Zygote Performance (Again...)

On simple reduction tasks Zygote seems to perform exceptionally poorly, and I would be grateful to hear why and what alternative patterns I should use to avoid these problems? I’ve started implementing custom adjoints via rrule but if I do this for every little piece of code then I might as well implement all gradients myself and forget about Zygote.

julia> using BenchmarkTools, Zygote
       f(x) = mapreduce(xi -> xi^2, +, x)
       x = rand(100)
       f(x)
       Zygote.gradient(f, x)
       @btime f($x)
       @btime Zygote.gradient($f, $x)
  11.128 ns (0 allocations: 0 bytes)
  480.792 μs (3369 allocations: 191.02 KiB)

We can do a little better like this:

julia> using BenchmarkTools, Zygote
       _sq(xi) = xi^2
       f(x) = sum(_sq, x)
       x = rand(100)
       f(x)
       Zygote.gradient(f, x)
       @btime f($x)
       @btime Zygote.gradient($f, $x)
  14.658 ns (0 allocations: 0 bytes)
  18.477 μs (392 allocations: 12.30 KiB)

but why!?!

And even better like this

julia> using BenchmarkTools, Zygote
       f(x) = sum(x.^2)
       x = rand(100)
       f(x)
       Zygote.gradient(f, x)
       @btime f($x)
       @btime Zygote.gradient($f, $x)
  117.833 ns (1 allocation: 896 bytes)
  239.328 ns (3 allocations: 1.77 KiB)

But even that third example doesn’t come anywhere near the 20-40ns that I would expect here.

1 Like

I’m a little confused, seems like your second example is both the fastest and under 20ns?

Zygote the is microseconds not nano

it is 18 us not ns

Are you saying that Zygote is to be used in the ms and not ns regime? That’s Ok!

But what if my code is sufficiently complex that it evaluates the models in the ms to s regime but goes many layers deep into inner functions that evaluate in the 100ns regime and this is where I currently loose a factor 1000 and more in performance.

I’m working a lot with custom adjoints. Here, I really just want to understand what is going on.

My mistake, read it multiple times and somehow still missed that. Blame it on the early morning…

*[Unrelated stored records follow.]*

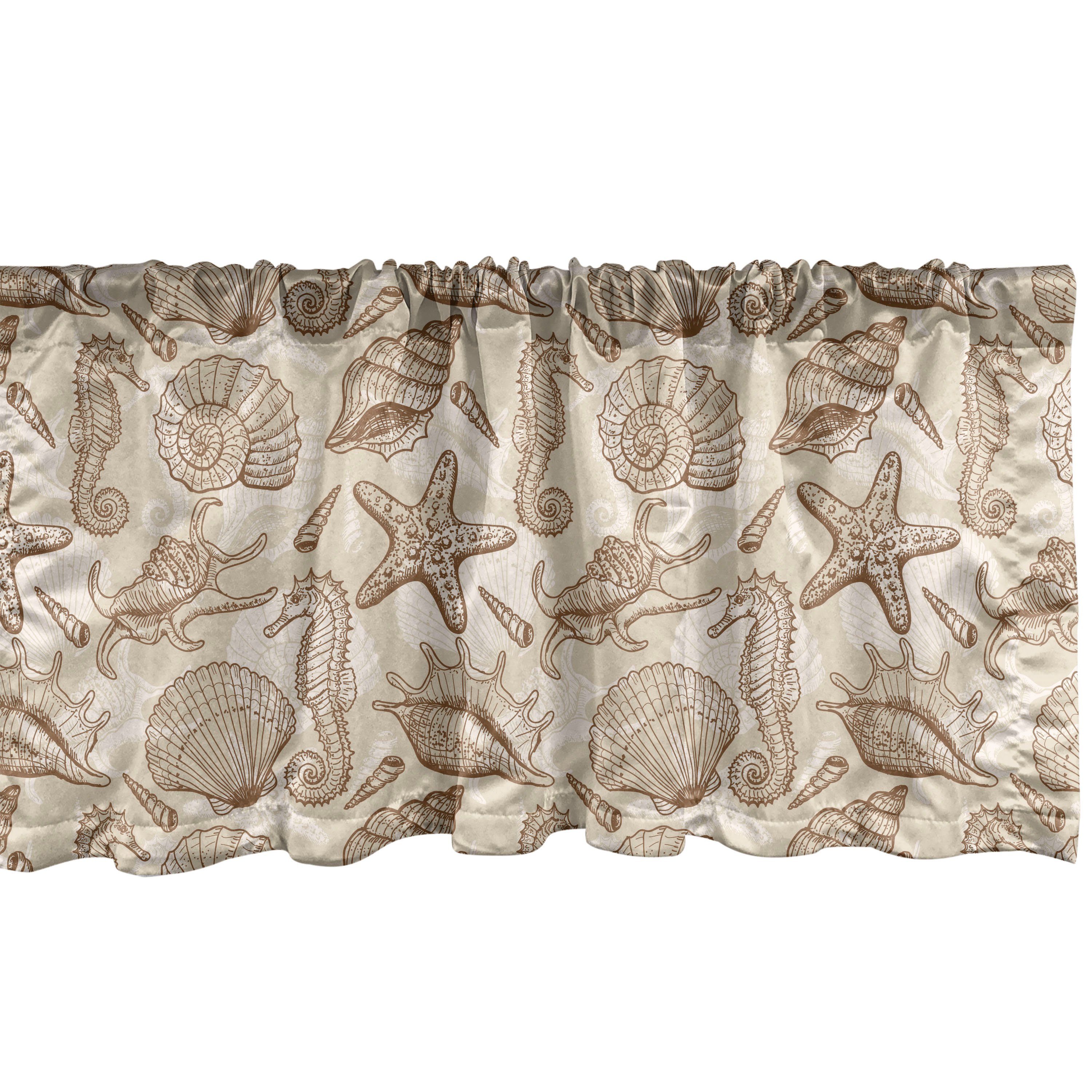 Scheibengardine Vorhang Volant für Küche Schlafzimmer Dekor mit Stangentasche, Abakuhaus, Microfaser, Sea Shells Vintage Ozean-Entwurf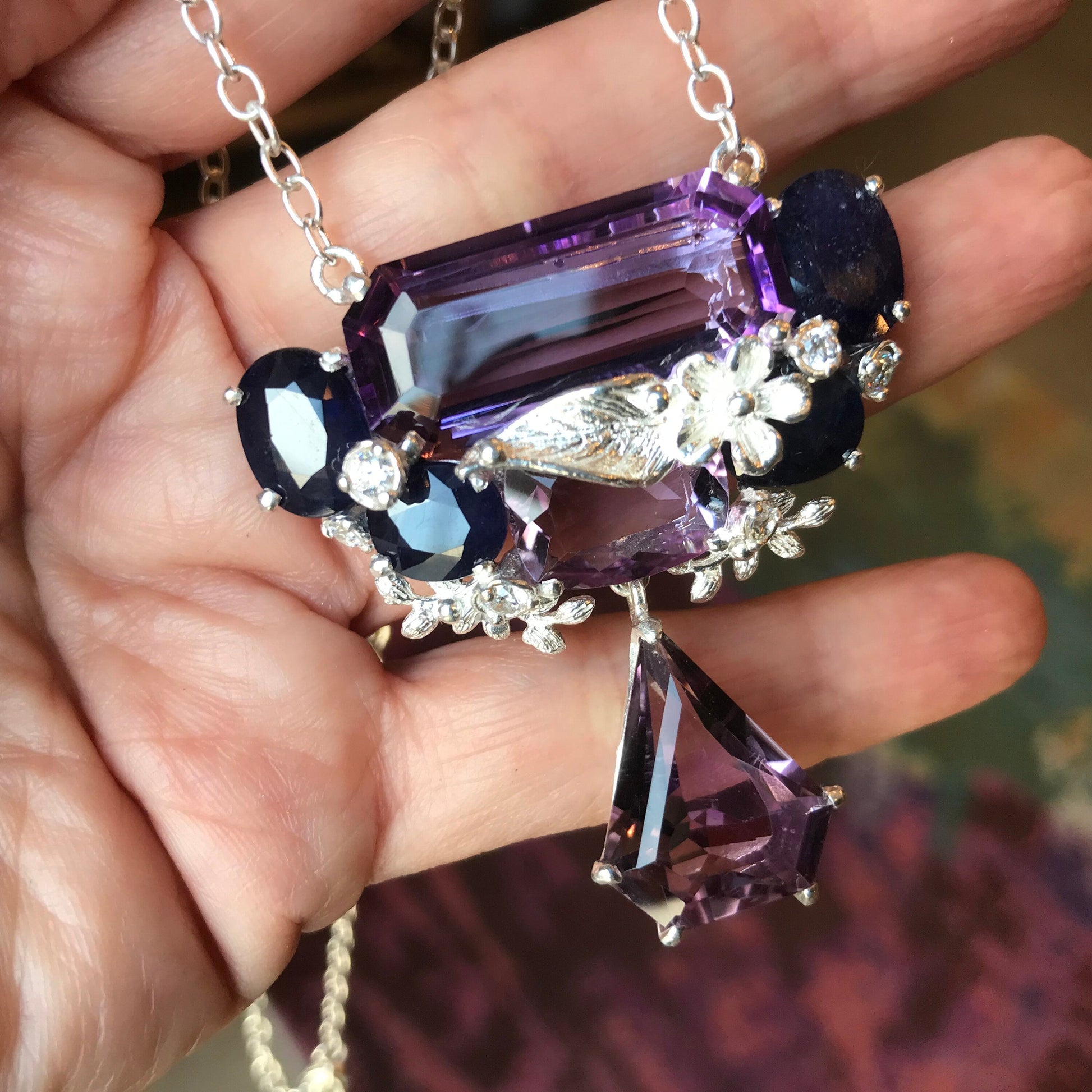 Sapphires sterling silver amethyst statement necklace Colors Of Etnika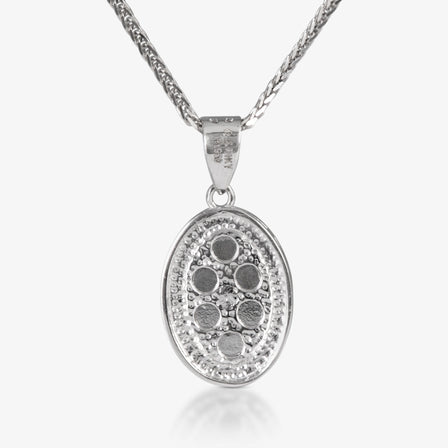 Platinum Diamond-Cut Oval Pendant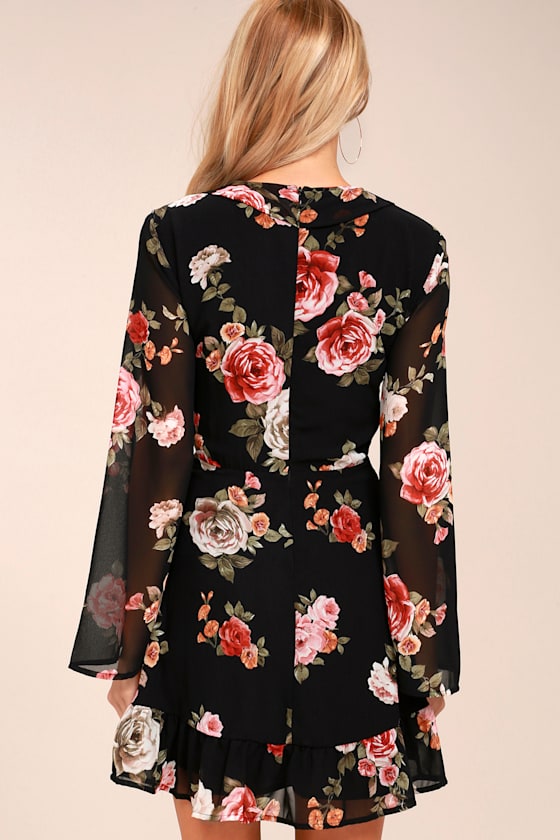 Alive with Artistry Black Floral Print Long Sleeve Dress 3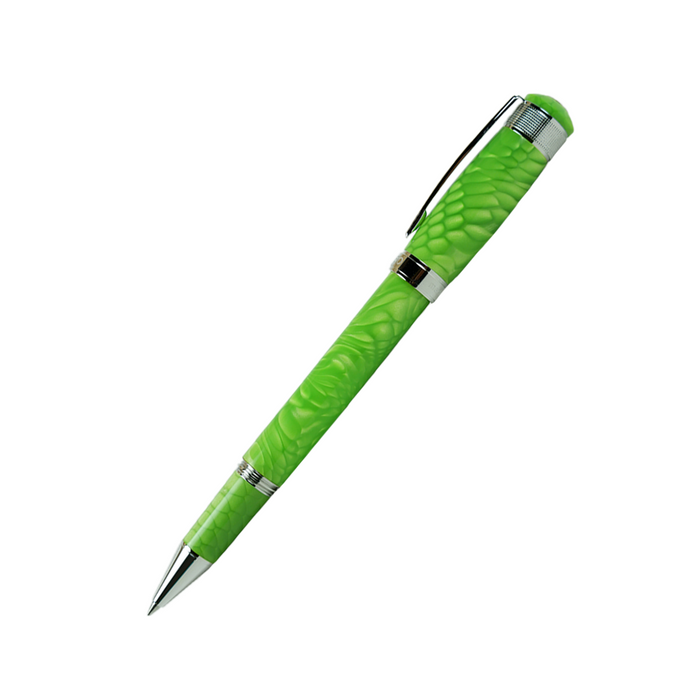 Cleo Skribent Aura rollerball fountain pen in green Mamba with sleek design and gold accents, displayed on a white background.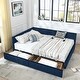 preview thumbnail 51 of 53, L Shaped Upholstered Tufted Bed Frame, Storage Sofa Bed Frame with 2 Drawers, Queen Size Velvet Fabric Daybed, Wood Slat Support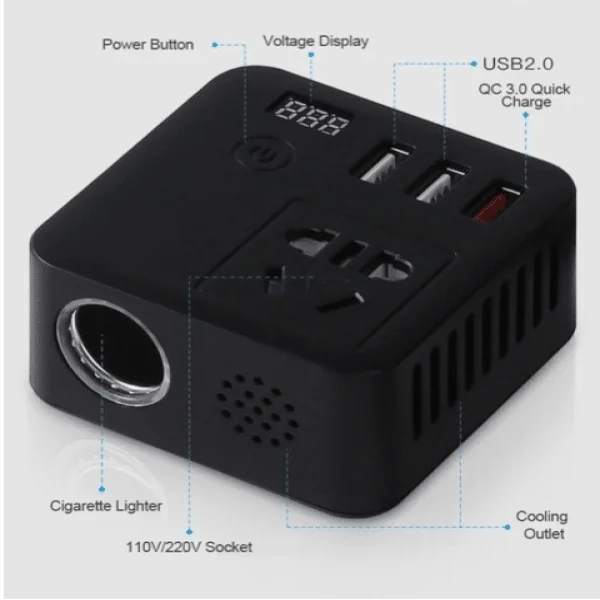 Bộ Chuyển Nguồn Ô Tô Từ 12V Sang 220V Cao Cấp slide 2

Back to the topic at hand, the long and short of it seems to be that there aren’t optimized adjoints in place for mapreduce-like functions (including sum(f, ...)) yet. This becomes pretty clear from looking at the currently defined adjoints. Higher-order functions in general are not well optimized for AD right now, so it’s no surprise that they perform terribly. You can verify this for yourself by pulling up GitHub - JuliaDebug/Cthulhu.jl: The slow descent into madness and stepping into the pullback.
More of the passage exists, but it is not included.